Ганьки не узнать… Куда и солидность его девалась. Глаза широко раскрыты, блистают восторгом, а из отверстого рта тоненькой ниточкой тянется прозрачная слюна.
В это время на кухню зачем-то заходит сама барыня. Между прочим, она отдает распоряжение насчет ужина, но Ганька прекрасно понимает, что дело не в том… Просто она пришла похвастать чудесной оберткой от карамели, прилипшей к каблуку ее открытой щегольской туфли…
Родители первого сорта
Лениво просматривая старый номер газеты, в которую было завернуто собрание сочинений Пшебышевского, я прочел вслух заметку из хроники происшествий:
— «В выгребной яме дома № 7 по Московскому переулку найден труп младенца с отрезанной головой. Дознание выяснило, что преступление совершено матерью младенца крестьянкой Мценского уезда Авдотьей Межевых, желавшей избавиться от лишней обузы»…
Земский врач Кныш, сидевший у меня, прослушал заметку и сказал:
— Держу пари, что еврейка никогда не сделала бы такой штуки!
— Почему?
— Неужели вы не знаете, что нет на свете народа детолюбивее евреев?..
— Да, но я думаю — любовь в них пробуждается к детям, а не к тем бедным бесформенным комочкам мяса, еле-еле успевшим появиться на свет Божий.
— Ну, нет. Еврей любит своего ребенка до самозабвения в любой момент: при рождении, во все время роста его, любит его даже тогда, когда это уже верзила с окладистой бородой и с полдюжиной собственных детей, не менее горячо любимых.
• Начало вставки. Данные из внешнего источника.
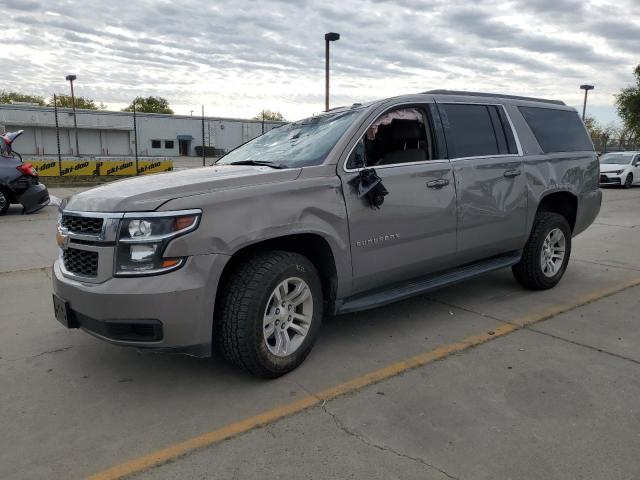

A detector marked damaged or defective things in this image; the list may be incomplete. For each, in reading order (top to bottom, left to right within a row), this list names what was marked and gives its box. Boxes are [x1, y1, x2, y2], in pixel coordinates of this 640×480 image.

shattered windshield [218, 108, 362, 168]
cracked pavement [1, 187, 640, 476]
Да вот, хотите, я расскажу вам о трех этапах любви еврея к своему ребенку — этапах, которым я сам был свидетелем.
— Дело. А я вас за это угощу добрым стаканом вина.
— И это дело. Слушайте.
I
рождение ребенка
До сих пор я без тихой умилительной улыбки не могу вспомнить об этом случае.
Был я врачом в маленьком, глухом, невероятно грязном городишке. Представьте себе глубокую осень, темные улицы, грязь по колена, отсутствие средств передвижения, ей-богу, Дантов ад красивее, наряднее и элегантнее. Он по крайней мере вымощен.
Однажды, когда пробило уже 11 часов, что по-тамошнему считается глубокою ночью, — ко мне постучались.
Я поморщился, но открыл дверь и впустил посетителя — худого бледного еврея, одетого в непромокаемый плащ и глубокие калоши.
— Что вам нужно?
— Ой, господин доктор, — ответил он с примесью мрачного юмора, почти всегда характеризующего бедных евреев. — Что мне нужно… Вы спросите — чего мне нужно… Мне все нужно. Но пока, если на минуточку отбросить все остальное — так мне нужно доктора.